Murali Aravamudan: We could do some rough idea of that. Oncology cancer is the place where we have the most data to date because of various government-funded efforts where over 10,000 people’s tumors have been genetically sequenced, and so on. But one of the key things that we say, is the notion of precision medicine of a drug for a particular generative cohort, need not be constrained to oncology.

So we view the immune system as an integral part in most many disease conditions. Many of immune system diseases turn out to have signals that emerge from oncology data sets.

So we are very excited about applying those kinds of immune system signals that bring precision to precision neurology or precision ophthalmology. We could think of various such conditions, which all of them can benefit from precision medicine and not just oncology.

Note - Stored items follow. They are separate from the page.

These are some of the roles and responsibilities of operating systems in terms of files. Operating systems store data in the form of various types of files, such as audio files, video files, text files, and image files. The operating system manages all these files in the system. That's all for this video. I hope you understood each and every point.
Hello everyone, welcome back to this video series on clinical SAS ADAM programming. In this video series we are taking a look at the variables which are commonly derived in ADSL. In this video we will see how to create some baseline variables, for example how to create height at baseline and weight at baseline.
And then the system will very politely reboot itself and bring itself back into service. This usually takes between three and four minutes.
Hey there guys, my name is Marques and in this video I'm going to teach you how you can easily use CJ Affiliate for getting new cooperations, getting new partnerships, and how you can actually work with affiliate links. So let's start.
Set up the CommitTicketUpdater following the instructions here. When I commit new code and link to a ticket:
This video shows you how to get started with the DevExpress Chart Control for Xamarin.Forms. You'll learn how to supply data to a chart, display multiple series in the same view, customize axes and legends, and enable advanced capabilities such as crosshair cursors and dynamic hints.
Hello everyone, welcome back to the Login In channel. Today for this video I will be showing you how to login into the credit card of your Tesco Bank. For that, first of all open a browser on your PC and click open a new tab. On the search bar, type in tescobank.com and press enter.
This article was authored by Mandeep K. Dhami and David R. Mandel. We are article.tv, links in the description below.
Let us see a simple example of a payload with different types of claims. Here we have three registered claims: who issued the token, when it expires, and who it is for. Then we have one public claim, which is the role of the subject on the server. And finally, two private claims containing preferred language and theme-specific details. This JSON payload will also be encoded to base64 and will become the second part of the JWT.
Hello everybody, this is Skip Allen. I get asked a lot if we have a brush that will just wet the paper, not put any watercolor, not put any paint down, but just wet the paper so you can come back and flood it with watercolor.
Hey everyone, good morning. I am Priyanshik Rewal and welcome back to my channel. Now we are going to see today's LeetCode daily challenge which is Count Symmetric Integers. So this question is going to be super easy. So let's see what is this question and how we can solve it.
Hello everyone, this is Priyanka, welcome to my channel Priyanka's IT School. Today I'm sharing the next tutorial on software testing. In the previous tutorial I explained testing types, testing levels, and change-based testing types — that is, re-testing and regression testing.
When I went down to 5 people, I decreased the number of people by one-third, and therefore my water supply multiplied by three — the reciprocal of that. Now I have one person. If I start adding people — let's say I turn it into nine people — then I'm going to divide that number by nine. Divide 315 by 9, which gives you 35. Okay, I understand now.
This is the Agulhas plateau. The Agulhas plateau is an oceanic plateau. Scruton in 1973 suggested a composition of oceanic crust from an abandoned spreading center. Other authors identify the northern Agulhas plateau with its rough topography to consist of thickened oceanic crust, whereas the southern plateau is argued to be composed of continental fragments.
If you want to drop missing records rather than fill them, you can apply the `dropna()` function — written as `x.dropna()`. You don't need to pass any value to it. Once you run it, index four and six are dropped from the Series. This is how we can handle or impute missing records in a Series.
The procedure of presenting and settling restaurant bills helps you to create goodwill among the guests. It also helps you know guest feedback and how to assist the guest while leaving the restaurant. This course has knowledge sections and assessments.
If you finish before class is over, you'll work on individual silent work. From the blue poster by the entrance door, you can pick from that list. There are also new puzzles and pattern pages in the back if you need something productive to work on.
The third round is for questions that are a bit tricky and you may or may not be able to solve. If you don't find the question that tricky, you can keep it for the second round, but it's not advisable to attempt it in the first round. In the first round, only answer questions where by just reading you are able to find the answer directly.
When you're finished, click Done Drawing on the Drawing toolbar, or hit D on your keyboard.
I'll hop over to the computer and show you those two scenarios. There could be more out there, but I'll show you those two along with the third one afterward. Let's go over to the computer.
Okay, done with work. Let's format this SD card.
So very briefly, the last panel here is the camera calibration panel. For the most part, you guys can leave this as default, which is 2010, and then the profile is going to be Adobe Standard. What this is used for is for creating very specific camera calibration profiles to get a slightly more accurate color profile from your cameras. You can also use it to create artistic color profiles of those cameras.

(23:43) It sounds like in terms of where the breadth of data that’s been collected, there have been government initiatives that sounds really to knuckle down cancers, which clearly they are right up there in terms of mortality for Americans and for First World people in general. It sounds there are ardent efforts to add them and collect information, particularly, genetic information, but that what we see as tracers and ties to genetic footprint and to the immune system in general can potentially be extrapolated so the insights might have been unearthed for the sake of cancer but there are ways to tug, pull and find ties and meaning in that information that might spill out into other areas and create some benefit.

Murali Aravamudan: That’s absolutely correct.